What shape her advisory role ultimately takes is still up for grabs, but her reported asking price is a $250 million payday for her news site, the Free Press, which changed its name from “Common Sense,” and which entirely bypassed a descriptive title like, “No, Old Rich White Guy, After Further Review It Turns Out You Were Right All Along.”

Aside from the above, it’s not clear what service Weiss actually offers CBS. Ostensibly, her conservative brand was proposed as a sop to the Trump administration, to grease approval of the CBS/Skydance merger. But one would think the name Ellison would do that already. That handle belongs to David Ellison — CEO of Skydance Media, which brought you a Jack Reacher movie starring garden-gnomic Tom Cruise and coincidentally the worst “Star Trek” film. But Ellison is a leader the same way that you’re the driver when you sit in your dad’s lap and steer the car; you might have your hands on the wheel, but come on. And in Dave’s case, his dad is Larry Ellison, the CEO of Oracle, and — in the universe of right-wing whackjobs in charge of tech companies — something like the Karl Lueger to Elon Musk’s Adolf Hitler. You don’t need Bari Weiss to gloss this pedigree, and the problem for her, Ellison and CBS, is that she can’t do anything else.

Ellison is a leader the same way that you’re the driver when you sit in your dad’s lap and steer the car.

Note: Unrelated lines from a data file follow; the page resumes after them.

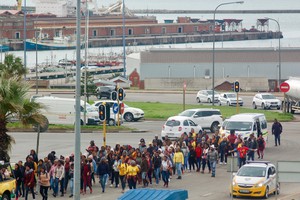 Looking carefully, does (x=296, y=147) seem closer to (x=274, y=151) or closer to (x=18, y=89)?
(x=274, y=151)

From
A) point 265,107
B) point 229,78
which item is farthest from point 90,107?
point 229,78

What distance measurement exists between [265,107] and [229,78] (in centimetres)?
2927

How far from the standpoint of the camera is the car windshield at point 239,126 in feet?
142

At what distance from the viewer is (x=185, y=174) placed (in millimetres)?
36562

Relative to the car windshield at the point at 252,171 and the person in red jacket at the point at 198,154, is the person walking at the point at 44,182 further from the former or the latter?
the person in red jacket at the point at 198,154

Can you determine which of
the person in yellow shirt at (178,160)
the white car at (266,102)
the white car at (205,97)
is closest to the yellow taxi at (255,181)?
the person in yellow shirt at (178,160)

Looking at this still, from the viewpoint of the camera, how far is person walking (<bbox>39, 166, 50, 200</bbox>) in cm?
2972

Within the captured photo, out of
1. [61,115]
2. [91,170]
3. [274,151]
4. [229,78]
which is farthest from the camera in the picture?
[229,78]

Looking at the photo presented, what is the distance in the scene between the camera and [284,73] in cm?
10288

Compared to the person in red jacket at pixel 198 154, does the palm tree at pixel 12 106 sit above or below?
above

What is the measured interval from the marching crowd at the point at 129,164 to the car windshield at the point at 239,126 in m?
3.27

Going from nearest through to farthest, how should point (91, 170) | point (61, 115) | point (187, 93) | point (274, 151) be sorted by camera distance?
Answer: point (91, 170) < point (274, 151) < point (61, 115) < point (187, 93)

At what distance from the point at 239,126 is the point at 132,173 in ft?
42.3

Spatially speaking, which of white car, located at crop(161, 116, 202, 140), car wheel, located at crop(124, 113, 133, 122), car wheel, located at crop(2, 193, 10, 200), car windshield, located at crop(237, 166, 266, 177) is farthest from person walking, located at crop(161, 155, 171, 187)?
car wheel, located at crop(124, 113, 133, 122) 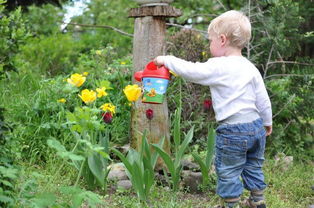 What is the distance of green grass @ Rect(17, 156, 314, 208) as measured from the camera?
3332 millimetres

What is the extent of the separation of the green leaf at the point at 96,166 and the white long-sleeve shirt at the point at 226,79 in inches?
33.1

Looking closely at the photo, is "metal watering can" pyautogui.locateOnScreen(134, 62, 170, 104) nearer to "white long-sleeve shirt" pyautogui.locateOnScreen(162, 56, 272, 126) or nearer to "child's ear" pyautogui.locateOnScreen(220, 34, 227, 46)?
"white long-sleeve shirt" pyautogui.locateOnScreen(162, 56, 272, 126)

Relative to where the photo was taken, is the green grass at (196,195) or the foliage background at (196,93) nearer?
the green grass at (196,195)

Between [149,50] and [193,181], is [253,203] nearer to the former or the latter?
[193,181]

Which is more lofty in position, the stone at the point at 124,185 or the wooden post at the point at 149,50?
the wooden post at the point at 149,50

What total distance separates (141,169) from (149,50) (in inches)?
39.4

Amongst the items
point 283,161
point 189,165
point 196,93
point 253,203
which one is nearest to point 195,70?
point 253,203

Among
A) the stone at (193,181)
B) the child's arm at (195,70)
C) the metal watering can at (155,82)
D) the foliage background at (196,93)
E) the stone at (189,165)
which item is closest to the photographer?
the child's arm at (195,70)

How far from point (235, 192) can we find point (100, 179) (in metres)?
0.90

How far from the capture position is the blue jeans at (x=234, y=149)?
3.03 metres

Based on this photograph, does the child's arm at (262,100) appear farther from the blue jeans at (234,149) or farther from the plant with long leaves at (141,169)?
the plant with long leaves at (141,169)

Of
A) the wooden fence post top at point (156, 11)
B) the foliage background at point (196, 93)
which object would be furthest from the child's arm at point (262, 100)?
the wooden fence post top at point (156, 11)

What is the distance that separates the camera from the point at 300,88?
5074mm

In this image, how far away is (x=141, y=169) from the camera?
3.29 m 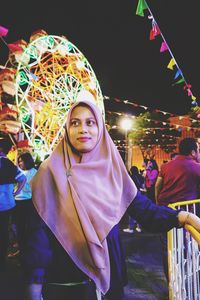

Weiss has been very fortunate until now. If Musk’s rockets could fail upward with the same reliability as her career, there wouldn’t be ducks choking to death on engine parts in Texas wetlands today. The problem is that a national network news division is the sort of results-oriented, audience-dependent job where this kind of luck runs out, especially if it long ago should have.

Her first taste of notoriety began during her undergraduate years at Columbia University as she tried to silence and punish professors for talking about Palestine without her consent. That this act launched her career as a free-speech warrior is sort of like learning that Batman became a vigilante after watching his parents get murdered by his own hand. (A breakdown of the hypocrisy of it all might well represent the last gasp of the old Glenn Greenwald.)

From there, she enjoyed a brief stop at The Forward before going on to opine at the Wall Street Journal under noted genocide-denialist, climate-denialist and competency-denialist bedbug Bret Stephens. In terms of honesty, intellectual rigor and basic, mechanical talent, this period feels in retrospect like watching the training montages in “Rocky III,” with Apollo Creed replaced by someone from a TikTok video who got knocked unconscious with one punch from an irritated Waffle House server.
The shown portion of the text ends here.